__Your task__: A faithful copy of the listing below is needed, with its pictures left out.

__Stored data__:

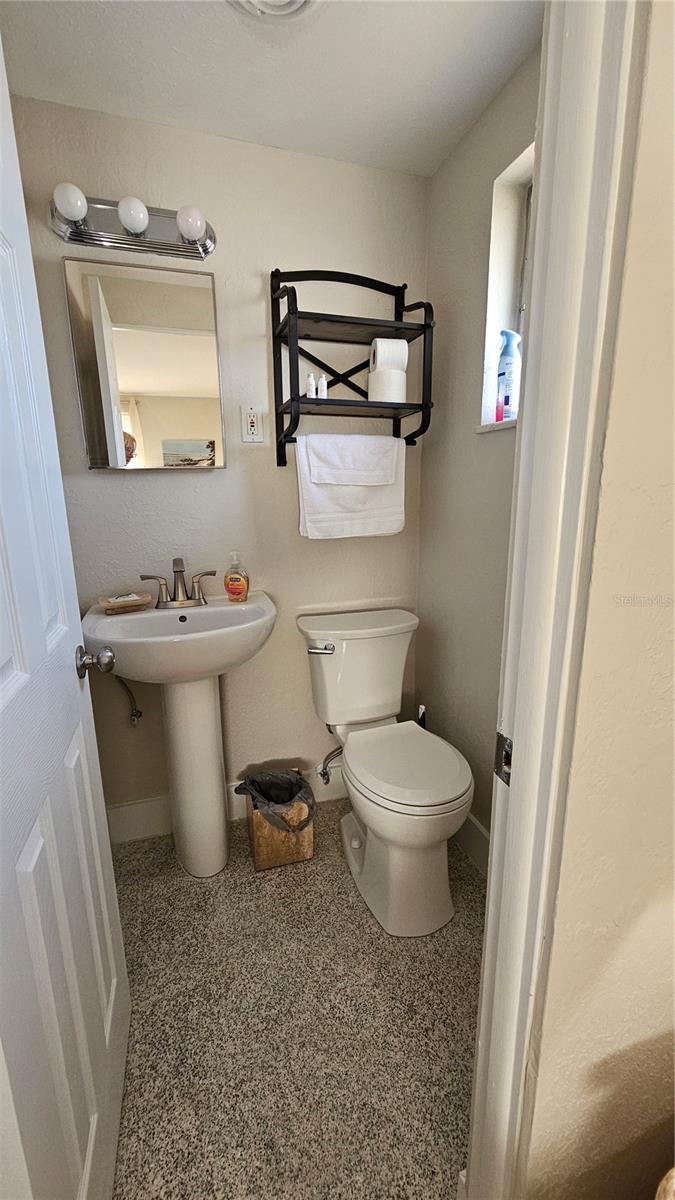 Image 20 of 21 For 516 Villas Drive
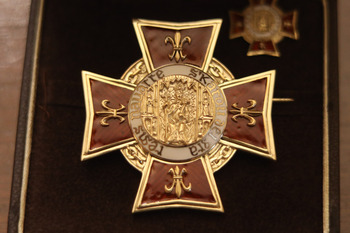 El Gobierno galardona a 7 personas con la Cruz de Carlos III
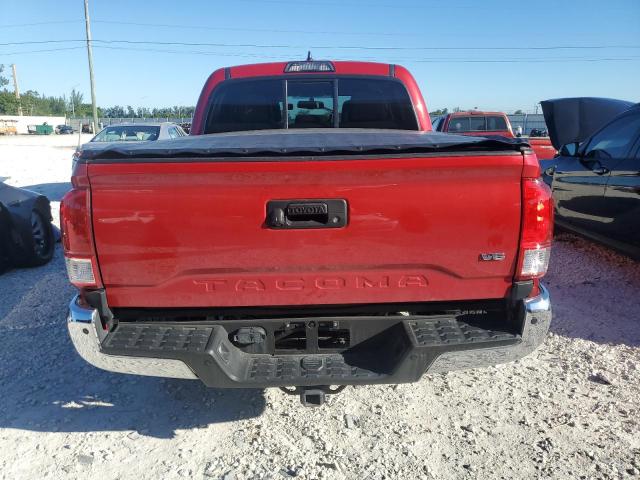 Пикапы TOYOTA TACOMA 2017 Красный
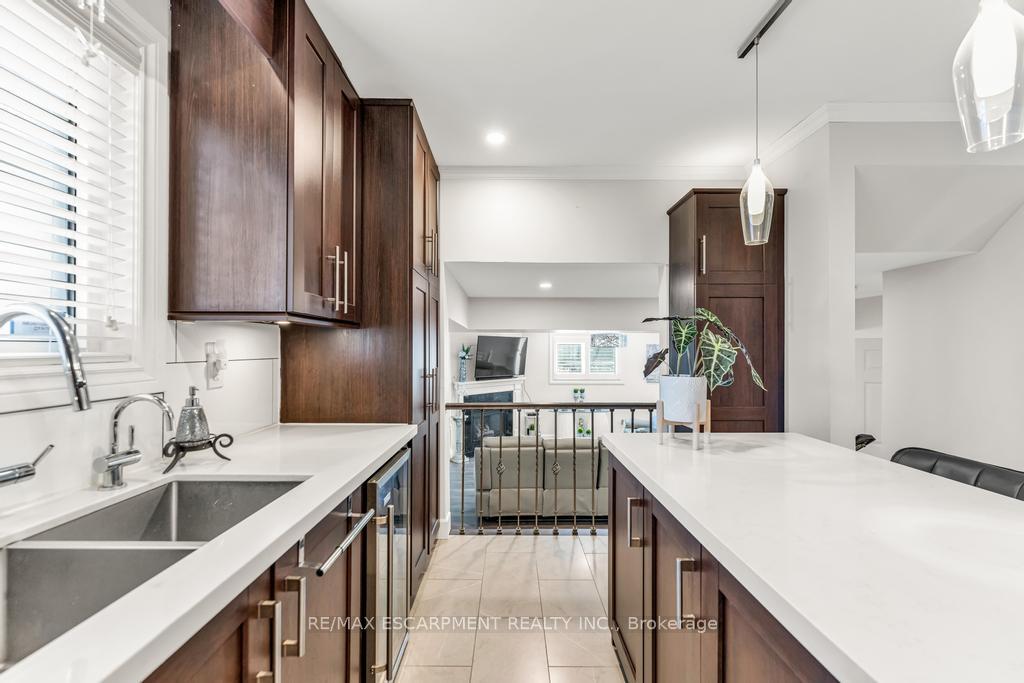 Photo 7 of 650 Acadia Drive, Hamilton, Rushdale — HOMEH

__Result for this task__:
 Image 20 of 21 For 516 Villas Drive
 El Gobierno galardona a 7 personas con la Cruz de Carlos III
 Пикапы TOYOTA TACOMA 2017 Красный
 Photo 7 of 650 Acadia Drive, Hamilton, Rushdale — HOMEH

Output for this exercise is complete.